The recurring theater is "we accept a certified wallet, so acceptance is trustworthy" and "the signature verified, so the credential is trusted." Wallet certification covers the wallet, not the verifier; a valid signature only proves some key signed the credential, not that the issuer is authentic. The distinguishing test: ask for the verifier's trust-anchor / issuer-allowlist configuration, the revocation check on the accept path, and the presentation nonce/audience binding. If acceptance succeeds against an unpinned issuer key, a never-read status list, or an unbound presentation, the assurance is paper. "Our credentials support a status list" is theater unless the verifier accept-path actually fetches and enforces it.

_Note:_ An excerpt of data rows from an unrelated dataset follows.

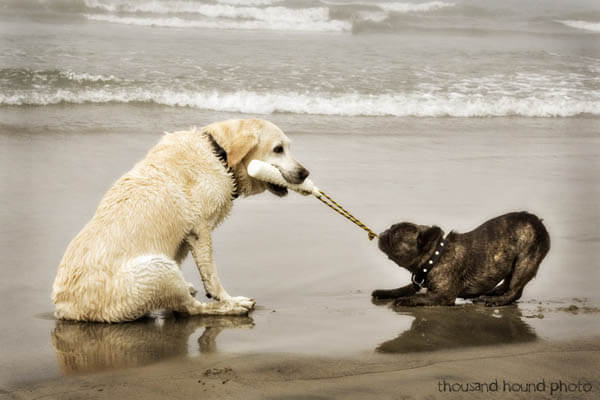 DOG at BEACH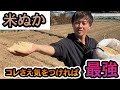 【米ぬか】の使い方。メリットデメリットとは？徹底解説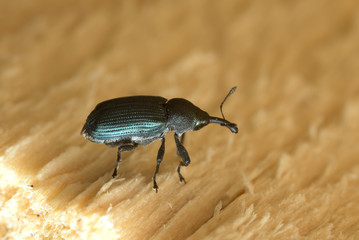 Magdalis weevil on wood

## Defensive Countermeasure Mapping

Map findings to MITRE D3FEND: trust-anchor pinning and issuer-allowlist validation realise Credential Hardening and Certificate Pinning (countering T1606/T1556); presentation nonce/audience binding and mdoc device-auth verification realise Authentication Event Thresholding and Message Authentication (countering T1550 replay); fail-closed revocation enforcement realises Credential Revoking. Pair the verifier checks with issuer key-rotation monitoring and a fast anchor-revocation path so a compromised-but-trusted issuer can be removed quickly. The residual risk after pinning is a trusted issuer's own key compromise, which trust-anchor pinning does not address — accept it at the CISO level with compensating issuer-key monitoring.